My own research results complete this list (not yet in Wikipedia due to the rule “No original research”):

and Androgynine
xor Xenoricine
not Notanamine
tla Triletramine

Interestingly, the TLI are the perfect mnemonics for C language source. For example, met is “Main’s Exit Type” (int), ala is “A Large Algebraic” (bignum), ile an “Incremented Local Entity” (index counter), gly means “Grow Larger memorY”, gln is “Grown Larger Now” (after realloc), not is a “Not Overflowing Type” (recursive!), unk is the “UNit (Known as 1)”, trp is the “Tabula Rasa Product” (zero), phe is “Print HEx” and so on.

Convert ANSI tri-graphs to ASCII

Huh??!

C pre-process the source ignoring ‘#include’ lines

Wow, an identity operation (except for the <stdint.h> and EOF + __STDC__ trivialities). Did you gain any insight through this?

C pre-process the source ignoring ‘#define’ and ‘#include’ lines

#define? Which #define directives? How many 4K source files do you see that neither use a single #define directive nor abuse the build file? Even though the “no #define” rule I submitted myself to made it hard, I could use __LINE__ and stdio macros EOF, L_tmpnam, BUFSIZ, FILENAME_MAX, TMP_MAX to obfuscate at least something.

Run it through a C beautifier

Another identity operation. I’ve done it for you already. Use this .indent.pro with FreeBSD indent:

$ cat .indent.pro
-bad   /* blank line after decls */
-bap   /* blank line after functions */
-br    /* braces on if line */
-i8    /* indent */
-l999  /* line length */
-npcs  /* no space after function call names */
-npsl  /* don't break procedure type */
-ut    /* use tabs */
-ce    /* cuddle else */
-nip   /* no parameter indentation */
-di1   /* declaration indent */
-Tand
-Tmet
-Tthr
-Tpro
-Tser
-Tala

It looks like a perfect program should:

The program contains not a single magic number (only 0 and powers of 2, each power from 1 to 512) which are obvious to competent software engineers). How many programs have that property? The check for __STDC_VERSION__ was a bit tough to arrive at, since 199901L has too many bits set. But I realized that I only needed a number larger than 199409 and less than 199901. 199680 has only 4 bits set and writing it as (256 + 128 + 4 + 2) * 512 minimizes the character count. That’s what judges get when they don’t like programs that are longer than they need to be.

Examine the algorithm

Spoilers ahead. Duh!

Pseudocode, with comments matching those in the C source:

/* run */
if (non-NULL and nonempty argv[1]) {
   n = convert(argv[1])
   print n                       /* 2hx */
   while (n != 1) {              /* one */
      if (n is odd) {            /* odd */
         m = deep copy of n      /* cpy */
         n <<= 1                 /* shl */
         n += m                  /* add */
         increment n             /* inc */
      } else {                   /* eve */
         n >>= 1                 /* shr */
      }
      print n                    /* 2hx */
  }
}

Bignums are represented as the two member structs

typedef struct {
     size_t places;   /* number of places in base 2<sup>8*sizeof(type)</sup> */
     type  *number;   /* dynamically allocated memory for number */
} bignum

Compile it (with flags to enable all warnings)
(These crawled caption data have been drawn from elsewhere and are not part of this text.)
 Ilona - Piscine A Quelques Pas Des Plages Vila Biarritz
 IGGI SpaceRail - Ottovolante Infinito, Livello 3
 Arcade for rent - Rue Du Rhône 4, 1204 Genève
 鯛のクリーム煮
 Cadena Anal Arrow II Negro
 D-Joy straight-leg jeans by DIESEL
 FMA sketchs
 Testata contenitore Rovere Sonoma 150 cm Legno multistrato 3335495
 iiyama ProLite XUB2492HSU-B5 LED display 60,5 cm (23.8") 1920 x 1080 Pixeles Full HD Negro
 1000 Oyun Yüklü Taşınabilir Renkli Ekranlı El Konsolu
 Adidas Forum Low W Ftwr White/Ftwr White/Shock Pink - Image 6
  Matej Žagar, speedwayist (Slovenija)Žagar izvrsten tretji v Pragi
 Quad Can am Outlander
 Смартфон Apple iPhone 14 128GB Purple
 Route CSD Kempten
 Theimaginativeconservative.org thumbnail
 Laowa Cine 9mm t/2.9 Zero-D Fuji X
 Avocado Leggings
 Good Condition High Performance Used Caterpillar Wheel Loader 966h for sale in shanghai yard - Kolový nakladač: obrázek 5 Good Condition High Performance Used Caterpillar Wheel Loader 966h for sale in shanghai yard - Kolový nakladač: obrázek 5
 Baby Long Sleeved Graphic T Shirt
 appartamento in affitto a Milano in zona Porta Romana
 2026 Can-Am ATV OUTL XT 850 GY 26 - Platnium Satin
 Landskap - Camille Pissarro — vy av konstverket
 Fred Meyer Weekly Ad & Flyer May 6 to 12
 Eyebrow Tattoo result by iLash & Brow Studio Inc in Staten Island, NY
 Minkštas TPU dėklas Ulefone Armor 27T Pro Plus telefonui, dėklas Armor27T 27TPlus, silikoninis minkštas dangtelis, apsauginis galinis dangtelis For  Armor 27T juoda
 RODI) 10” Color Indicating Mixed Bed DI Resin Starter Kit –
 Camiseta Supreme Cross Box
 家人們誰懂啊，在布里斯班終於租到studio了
Here’s where the program shines brighter than a gamma-ray burst!

I challenge you to throw all kinds of compilers, lints, checkers and analyzers at my program and make it find the slightest of issues.

Is clang -Wall -Wextra -Weverything -Dtyp=uint32_t prog.c all you can do? Clang has implemented a new warning? Bring it on!

Execute it

May you win the jackpot!

For least surprising results, the execution character set should be ASCII. The program computes four bits from every character in argv[1] and interprets them as a hex digit. On ASCII the characters a-f, A-F and 0-9 are converted as expected.

This means however, that the program accepts any string, turns it into a starting number (which is output as the first line), and starts crunching. Nothing stops you from executing

$ ./prog "$(cat prog.c)"            # Kind of quine?
$ ./prog "$(cat rules guidelines)"  # A jackpot? Maybe next year...
$ ./prog "$(cat /bin/ls)"           # Number cut short at first NUL byte.

In a certain way, the program is character set and encoding agnostic.

Assumptions made

While the program works best when bytes/characters are octets and the number of bits in a type is sizeof(typ) << 3, it will work correctly on 24bit or 36bit systems with 9 bits/byte, or systems where sizeof(typ) is 1 even for int and so on. On such systems, it will only use 8 * sizeof(typ) bits per place. It does not work when CHAR_BIT <= 7.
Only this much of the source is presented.